• **Instructions to follow**
Exactly the lines below from the one with "Loa treo tường" up to and including the one with "Komi Can't Communicate" make up the answer, with nothing else added.

• **Exercise material**
# # # # # # #
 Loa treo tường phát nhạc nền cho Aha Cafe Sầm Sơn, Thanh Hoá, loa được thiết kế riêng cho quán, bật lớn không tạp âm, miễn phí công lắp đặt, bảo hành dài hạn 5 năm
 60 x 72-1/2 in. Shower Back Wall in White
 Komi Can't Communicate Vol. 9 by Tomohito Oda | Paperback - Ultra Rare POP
# # # # # # #
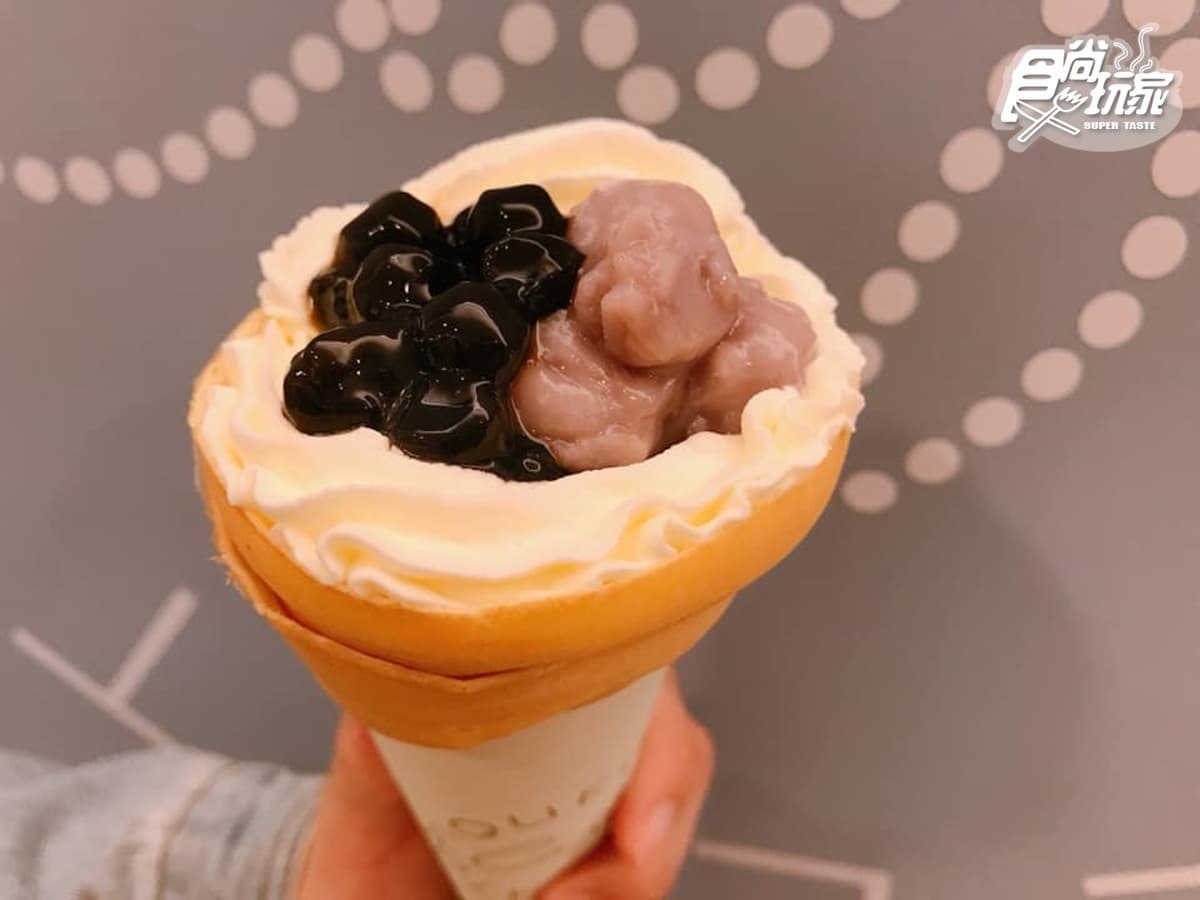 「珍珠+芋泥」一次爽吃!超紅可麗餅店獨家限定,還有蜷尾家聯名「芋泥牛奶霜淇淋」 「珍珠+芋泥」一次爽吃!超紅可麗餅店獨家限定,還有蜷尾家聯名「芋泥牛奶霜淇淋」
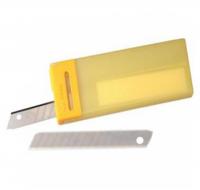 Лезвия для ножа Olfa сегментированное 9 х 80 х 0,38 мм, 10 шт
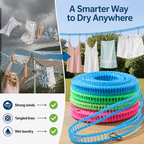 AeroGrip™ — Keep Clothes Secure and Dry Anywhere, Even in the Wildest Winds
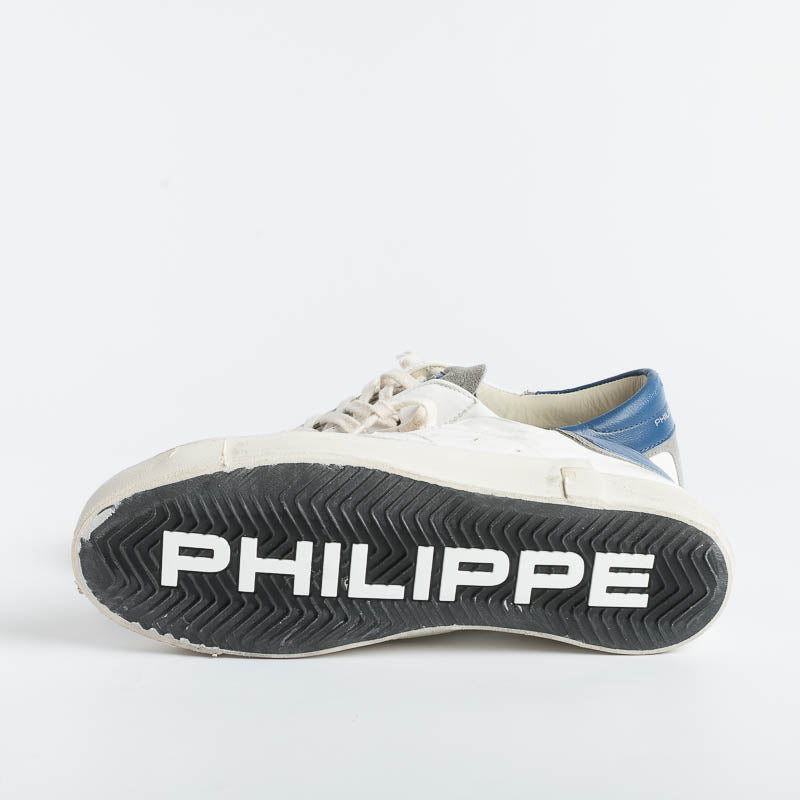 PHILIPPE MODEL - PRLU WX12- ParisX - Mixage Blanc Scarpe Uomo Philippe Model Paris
# # # # # # #
• **Task answer**
 Loa treo tường phát nhạc nền cho Aha Cafe Sầm Sơn, Thanh Hoá, loa được thiết kế riêng cho quán, bật lớn không tạp âm, miễn phí công lắp đặt, bảo hành dài hạn 5 năm
 60 x 72-1/2 in. Shower Back Wall in White
 Komi Can't Communicate Vol. 9 by Tomohito Oda | Paperback - Ultra Rare POP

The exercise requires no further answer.